In addition to Table 3, we have also provided full results of LP-GNNs on all datasets in Tables 12-17 of Appendix C. Notably, LP-GAT+HyperConv and LP-GCN+HyperConv surpass the other methods in 18 of the 23 graphs. These results underscore the benefits of multi-level information integration in hypergraph representation learning. Besides, LP-GAT+HyperConv and LP-GCN+HyperConv also consistently outperform LP-GCN+GAT, showing that it is genuinely the integration of both simple edge and hyperedge information that contributes to the improved prediction performance, rather than arbitrarily integrating two node embeddings.

We have now included the clarifications of whether these hyperedges are complementary or enhancing in Section 3.2 of our paper.

We hope our response and additional results can sufficiently resolve your concerns. We sincerely appreciate it if you could kindly consider improving the score, and are very happy to answer any further questions you may have.

[Bai et al., 2021]: Hypergraph convolution and hypergraph attention, Pattern Recognition'21

[Chien et al., 2022]: You are AllSet: A Multiset Function Framework for Hypergraph Neural Networks, ICLR'22

[Wang et al., 2023]: Equivariant Hypergraph Diffusion Neural Operators, ICLR'23

评论

Thank you for your detailed review and insightful comments. Please kindly see below for our responses to your comments:

1. From a pure dataset perspective, what unique information do the hyperedges contribute that is not already represented by carefully/appropriately/meticulously chosen graph data and node features?

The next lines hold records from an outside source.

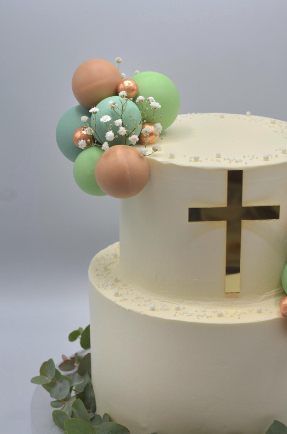 Baptême cake design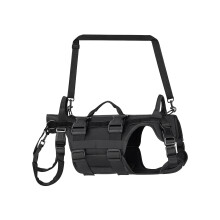 Hundeassistenz-Outfit mit mehreren Haltemöglichkeiten für-M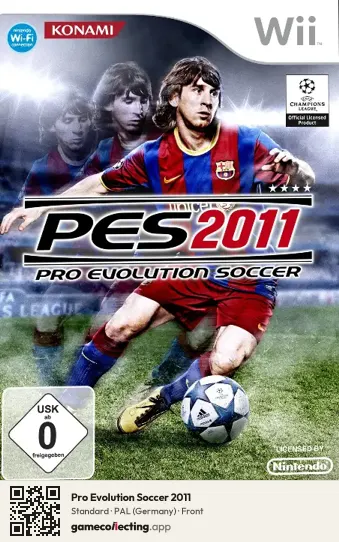 Pro Evolution Soccer 2011 Nintendo Wii, Germany box front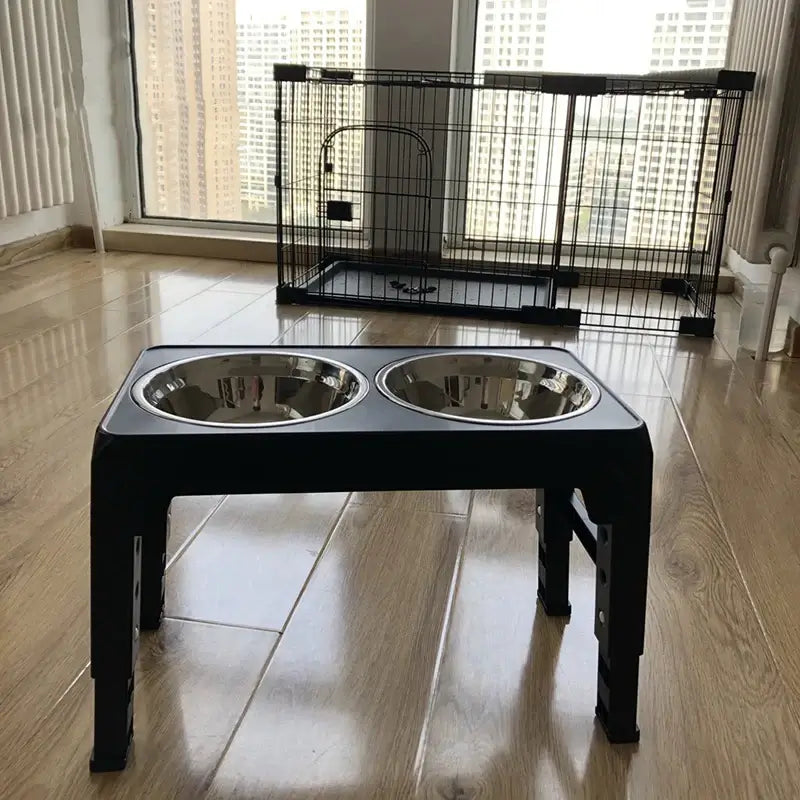 &quot;BOOTEELY Adjustable Raised Dog Feeder Bowls&quot;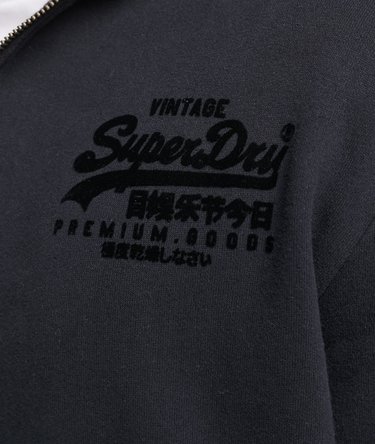 Vintage Logo Tonal Zip Hoodie Image 4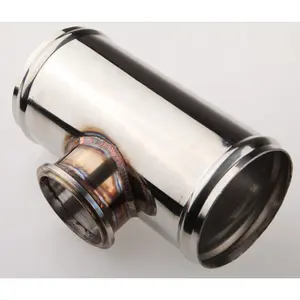 UNIVERSAL 2.5" TAIL 50MM BLOW OFF VALVE STAINLESS STEEL FLANGE PIPE TUBE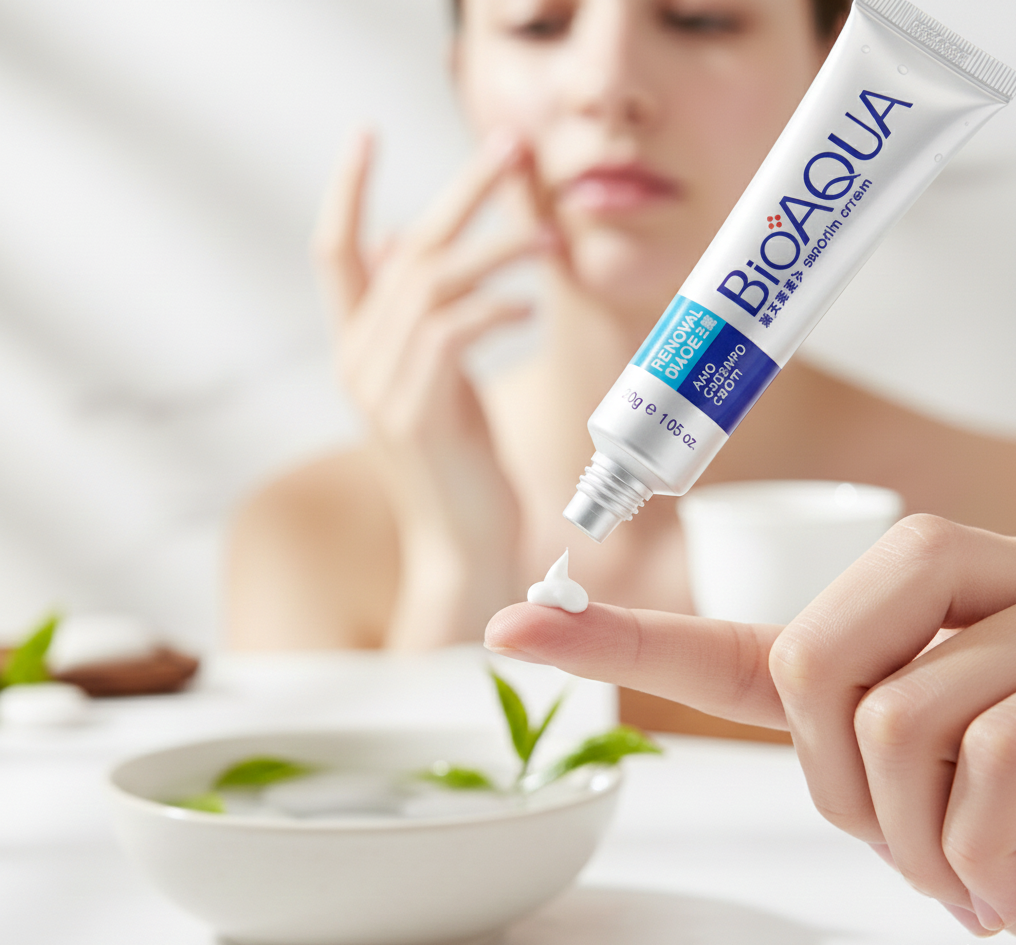 BIOAQUA Pure Skin Acne Removal & Anti-Wrinkle Cream – Fast Action Formula for Pimples, Scars, Fine Lines & Smooth Clear Skin (30g) View Gallery - Pakistan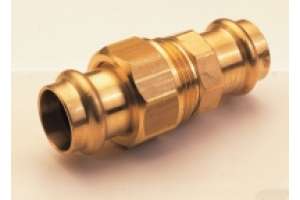 B Press Raccord bronze fileté à joint plat V-Contour - Typ P4330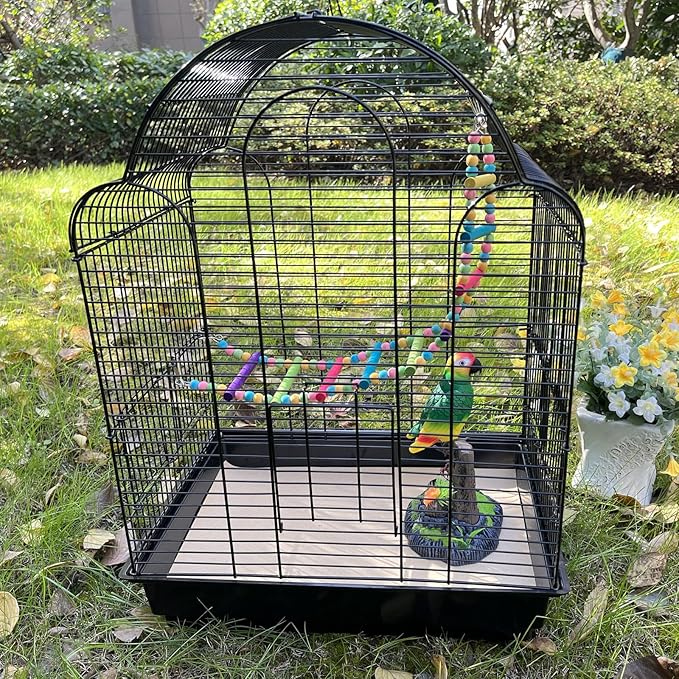 Gravel Paper for Bird Cage,BirdCage Liner Papers Cuttable Gravel Liner Sea Sand Paper Pet Animal Cages Cushion Great for Hard-Billed Birds Parrot | Clean Safe & Aids in Digestion (15 PCS - 17" x 11")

The hyperedges contribute unique information for complex graphs from the following two perspectives:

  1. Hyperedges can capture local clustering and homophilic properties of complex graphs more directly than simple edges. As a simple edge can only connect two nodes, additional pre-computations are required to detect local clustering relations between multiple nodes if only simple edges are present, which could inevitably lead to a higher demand on compute resources and potentially hurt the training performance. In the MUSAE datasets of SHGB, we have pre-computed the hyperedges so that both works on simple graph GNNs and hypergraph GNNs can benefit from these datasets, and can be evaluated on a unified benchmark.
  2. Hyperedges can contribute information about complex graphs from another perspective or even another data modality. In the GRAND datasets of SHGB, hyperedges are constructed based on the geometric information of genes, while the node embeddings are constructed from the gene sequences, and the simple edges represent gene regulatory effects. In the Amazon datasets of SHGB, hyperedges are generated from another modality (image) from the node embeddings (text), whereas simple edges represent ground-truths about co-reviews and co-purchases. We have shown in Tables 3 and 12-17 that combining information from different perspectives or modalities can significantly improve the learning performance than only learning one of the two information views. In addition, if the hyperedges that come from a different modality are naively encoded into the node embeddings, it would create extra difficulties for a GNN to thoroughly learn both information, thereby potentially limiting its performance.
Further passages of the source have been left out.